Requirement: Write each line again exactly as it is, from the opening line of the records below through the one containing "Flat Fairclough Street in Greater London", and add nothing.

──────────────────────────────

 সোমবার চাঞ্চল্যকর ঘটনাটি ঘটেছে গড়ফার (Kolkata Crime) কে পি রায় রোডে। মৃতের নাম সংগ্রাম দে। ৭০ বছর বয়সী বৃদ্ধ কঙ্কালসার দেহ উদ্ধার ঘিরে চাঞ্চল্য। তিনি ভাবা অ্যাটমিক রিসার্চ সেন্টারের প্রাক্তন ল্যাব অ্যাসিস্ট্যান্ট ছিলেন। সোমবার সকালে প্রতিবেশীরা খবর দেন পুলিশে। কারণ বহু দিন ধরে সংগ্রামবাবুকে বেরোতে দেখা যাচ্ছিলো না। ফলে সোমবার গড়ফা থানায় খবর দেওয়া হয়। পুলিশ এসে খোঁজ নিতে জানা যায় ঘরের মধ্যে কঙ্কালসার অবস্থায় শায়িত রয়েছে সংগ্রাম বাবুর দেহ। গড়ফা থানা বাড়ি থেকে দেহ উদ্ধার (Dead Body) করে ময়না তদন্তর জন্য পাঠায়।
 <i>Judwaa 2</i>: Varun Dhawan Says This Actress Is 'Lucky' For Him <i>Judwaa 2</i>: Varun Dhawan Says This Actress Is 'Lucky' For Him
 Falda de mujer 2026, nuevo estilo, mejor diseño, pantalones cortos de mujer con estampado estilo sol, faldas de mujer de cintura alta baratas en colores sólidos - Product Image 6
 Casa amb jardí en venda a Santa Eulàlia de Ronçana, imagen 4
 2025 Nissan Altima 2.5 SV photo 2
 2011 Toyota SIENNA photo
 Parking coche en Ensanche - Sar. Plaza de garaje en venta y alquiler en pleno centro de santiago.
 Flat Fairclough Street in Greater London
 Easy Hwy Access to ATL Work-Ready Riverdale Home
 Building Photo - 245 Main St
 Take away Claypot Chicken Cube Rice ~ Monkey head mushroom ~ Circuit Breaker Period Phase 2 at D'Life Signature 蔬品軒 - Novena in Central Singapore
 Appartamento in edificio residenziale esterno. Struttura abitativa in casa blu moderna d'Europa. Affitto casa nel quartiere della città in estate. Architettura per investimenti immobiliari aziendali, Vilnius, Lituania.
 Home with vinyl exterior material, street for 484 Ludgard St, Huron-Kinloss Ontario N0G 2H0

──────────────────────────────

Finished task:
 সোমবার চাঞ্চল্যকর ঘটনাটি ঘটেছে গড়ফার (Kolkata Crime) কে পি রায় রোডে। মৃতের নাম সংগ্রাম দে। ৭০ বছর বয়সী বৃদ্ধ কঙ্কালসার দেহ উদ্ধার ঘিরে চাঞ্চল্য। তিনি ভাবা অ্যাটমিক রিসার্চ সেন্টারের প্রাক্তন ল্যাব অ্যাসিস্ট্যান্ট ছিলেন। সোমবার সকালে প্রতিবেশীরা খবর দেন পুলিশে। কারণ বহু দিন ধরে সংগ্রামবাবুকে বেরোতে দেখা যাচ্ছিলো না। ফলে সোমবার গড়ফা থানায় খবর দেওয়া হয়। পুলিশ এসে খোঁজ নিতে জানা যায় ঘরের মধ্যে কঙ্কালসার অবস্থায় শায়িত রয়েছে সংগ্রাম বাবুর দেহ। গড়ফা থানা বাড়ি থেকে দেহ উদ্ধার (Dead Body) করে ময়না তদন্তর জন্য পাঠায়।
 <i>Judwaa 2</i>: Varun Dhawan Says This Actress Is 'Lucky' For Him <i>Judwaa 2</i>: Varun Dhawan Says This Actress Is 'Lucky' For Him
 Falda de mujer 2026, nuevo estilo, mejor diseño, pantalones cortos de mujer con estampado estilo sol, faldas de mujer de cintura alta baratas en colores sólidos - Product Image 6
 Casa amb jardí en venda a Santa Eulàlia de Ronçana, imagen 4
 2025 Nissan Altima 2.5 SV photo 2
 2011 Toyota SIENNA photo
 Parking coche en Ensanche - Sar. Plaza de garaje en venta y alquiler en pleno centro de santiago.
 Flat Fairclough Street in Greater London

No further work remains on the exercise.